Jon Stewart’s job is to mock the daily news. But one day after a gunman fatally shot nine people inside of the nation's most historic black churches in Charleston, South Carolina, the host of "The Daily Show," apologized for not being able to fulfill his primary responsibility.
"I have one job, and it's a pretty simple job," he said Thursday night. "I come in in the morning, and we look at the news and I write jokes about it."
Stewart's emotional, joke-free monologue addressed gun violence and racism in America in response to the massacre of nine church-goers attending a Bible study at the Emanuel African Methodist Episcopal Church Wednesday.
"I honestly have nothing other than just sadness once again that we have to peer into the abyss of the depraved violence that we do to each other and the nexus of a just gaping racial wound that will not heal yet we pretend doesn't exist," Stewart said.
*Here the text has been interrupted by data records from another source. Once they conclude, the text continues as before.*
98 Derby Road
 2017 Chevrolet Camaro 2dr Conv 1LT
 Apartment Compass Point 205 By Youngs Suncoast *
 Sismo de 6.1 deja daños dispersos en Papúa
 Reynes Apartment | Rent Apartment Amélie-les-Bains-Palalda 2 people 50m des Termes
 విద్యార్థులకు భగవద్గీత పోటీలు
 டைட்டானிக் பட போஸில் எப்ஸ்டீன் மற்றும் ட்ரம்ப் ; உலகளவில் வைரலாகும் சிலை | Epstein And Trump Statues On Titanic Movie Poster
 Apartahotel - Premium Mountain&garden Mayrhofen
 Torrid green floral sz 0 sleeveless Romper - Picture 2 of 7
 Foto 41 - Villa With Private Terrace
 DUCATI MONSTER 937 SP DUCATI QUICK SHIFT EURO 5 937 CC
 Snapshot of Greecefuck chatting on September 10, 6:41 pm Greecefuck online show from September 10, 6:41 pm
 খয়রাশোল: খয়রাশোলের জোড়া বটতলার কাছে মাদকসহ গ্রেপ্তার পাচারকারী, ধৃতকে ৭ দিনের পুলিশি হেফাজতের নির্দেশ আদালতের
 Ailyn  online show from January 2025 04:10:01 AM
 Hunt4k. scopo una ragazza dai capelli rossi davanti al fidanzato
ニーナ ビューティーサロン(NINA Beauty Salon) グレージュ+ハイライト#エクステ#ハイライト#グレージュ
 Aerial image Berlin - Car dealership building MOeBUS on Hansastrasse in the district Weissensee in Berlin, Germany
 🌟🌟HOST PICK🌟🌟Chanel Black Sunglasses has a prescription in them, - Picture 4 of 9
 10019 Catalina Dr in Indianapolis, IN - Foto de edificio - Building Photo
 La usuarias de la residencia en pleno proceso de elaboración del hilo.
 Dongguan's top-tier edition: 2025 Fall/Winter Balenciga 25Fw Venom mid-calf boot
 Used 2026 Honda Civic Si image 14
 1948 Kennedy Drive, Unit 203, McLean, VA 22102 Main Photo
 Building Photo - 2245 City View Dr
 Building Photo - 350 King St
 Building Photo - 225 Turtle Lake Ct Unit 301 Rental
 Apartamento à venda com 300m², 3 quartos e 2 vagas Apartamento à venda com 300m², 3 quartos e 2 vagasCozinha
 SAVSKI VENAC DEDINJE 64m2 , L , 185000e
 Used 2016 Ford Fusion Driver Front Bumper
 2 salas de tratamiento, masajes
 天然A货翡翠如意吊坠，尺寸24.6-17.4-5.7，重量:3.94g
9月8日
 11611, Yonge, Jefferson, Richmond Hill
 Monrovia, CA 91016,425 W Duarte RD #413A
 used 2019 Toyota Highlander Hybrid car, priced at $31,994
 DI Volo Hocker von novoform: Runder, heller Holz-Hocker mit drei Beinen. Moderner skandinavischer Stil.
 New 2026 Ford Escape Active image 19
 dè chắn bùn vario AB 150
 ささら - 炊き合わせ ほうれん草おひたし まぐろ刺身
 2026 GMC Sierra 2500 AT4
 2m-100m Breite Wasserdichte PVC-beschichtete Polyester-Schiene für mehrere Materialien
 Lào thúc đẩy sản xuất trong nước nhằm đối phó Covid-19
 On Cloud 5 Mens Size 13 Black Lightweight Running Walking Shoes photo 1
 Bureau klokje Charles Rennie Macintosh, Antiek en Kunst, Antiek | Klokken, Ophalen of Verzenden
The satirist expressed a sense of hopelessness as he contrasted the disparity of how the U.S. responds to perceived foreign threats versus the "eh, what are you gonna do?" attitude when it comes to Americans killing one another, before declaring the Charleston massacre a "terrorist attack."
The outgoing "Daily Show" host also chided those in the media who characterized the attack as the action of a "lone wolf" as opposed to a symptom of a larger racial divide, and critiqued South Carolina’s reverence for its Confederate past.
"This one is black and white, there’s no nuance here," he said. "The Confederate flag flies over South Carolina, and the roads are named for Confederate generals, and the white guy's the one who feels like his country is being taken away from him?"
U.S. & World
Stewart's comments came ahead of an appearance from Pakistani activist and Nobel Peace Prize winner, Malala Yousafzai, who, as the host noted, persevered after having suffered "unspeakable violence" at the hands of extremists. The now 17-year-old was shot in the head while riding her school bus in 2012. Pakistan's Taliban claimed responsibility for the attack.
"There is no one else in the world that I would rather talk to tonight," he said.